The approval will increase the city’s police budget to about $1.6 billion dollars after more than six hours of presentations, questions and deputations. 

Plans for the funding increase were announced by Toronto Police and Toronto Mayor John Tory. 

Funding is expected to be used to hire more officers and 9-1-1 operators. Other funded projects include community initiatives like the community crisis program that respond to mental health crises without a police presence. 

The city’s police chief Myron Demkiw presented the funding request. He said the police continue to rely on a "lean budget" compared to other major cities including Montreal, London and Chicago. 

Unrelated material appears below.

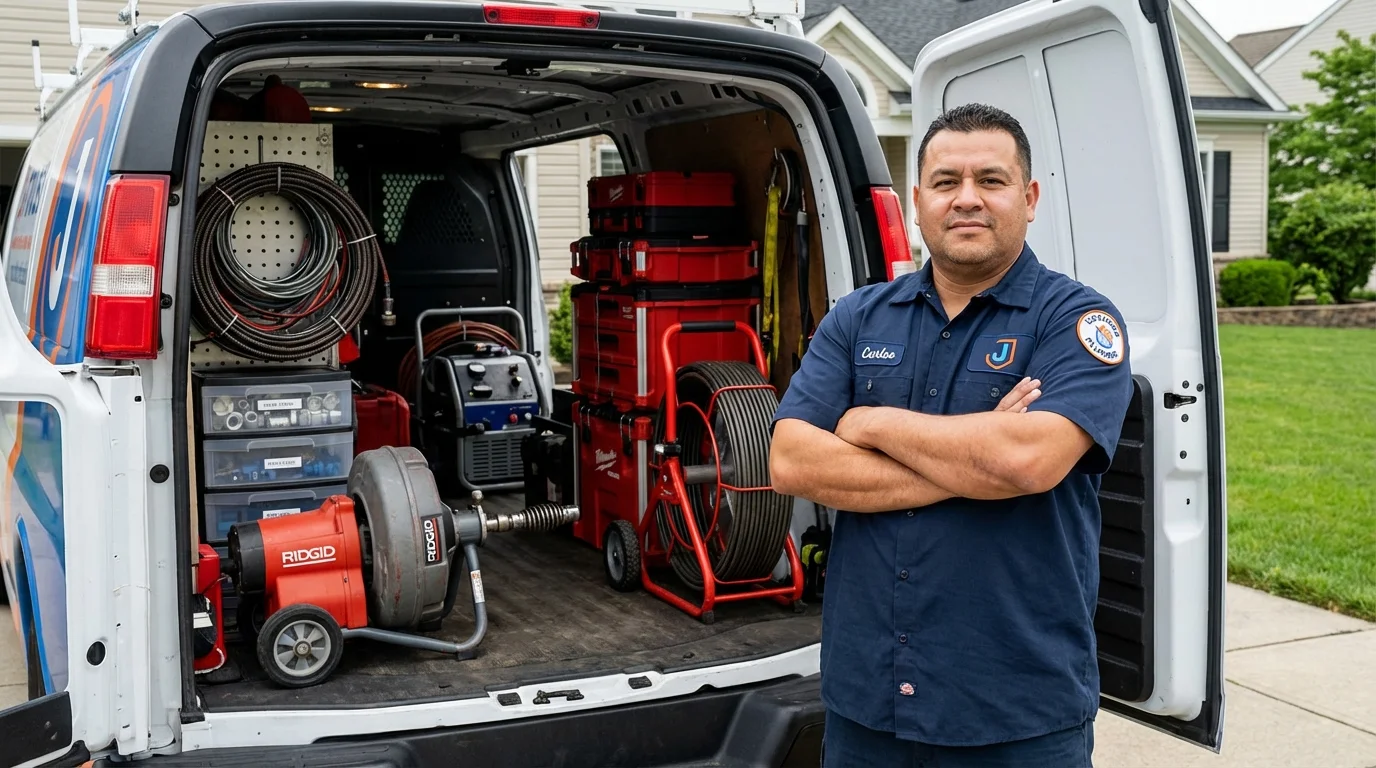 Professional drain cleaning equipment and Johns Plumbing LLC plumber in Smith Center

More than 200 individuals signed up to present deputations at the meeting. 

Bill Worrell asked police services to consider funding other areas of need including public services, mental health services and youth program.

Worrell spoke on behalf of the Oakwood-Vaughan Community Organization in the Little Jamaica community. 

University of Toronto(UofT) ph.D student Sean Ihn voiced his opposition to campus police, arguing that their presence causes more harm than good. 

Ihn represented the students mobilizing against systematic hardship (SMASH), a group based at UofT.

Plans to continue opposition against the funding approval will include a protest at Nathan Philip Square outside city hall on Jan. 24. 

The protest organizers, including activist Desmond Cole, is calling on the Toronto Police to allocate 50 per cent of its budget to urgently needed community supports. 

Cole also spoke at the meeting, calling on the police to be defunded instead and to remind the public of the names of individuals that were killed in 2022 during police interventions. This includes Taresh Bobby Ramroop who died in his Jane and Finch home during a mental health crisis.

CJRU reached out to Cole and are awaiting a response.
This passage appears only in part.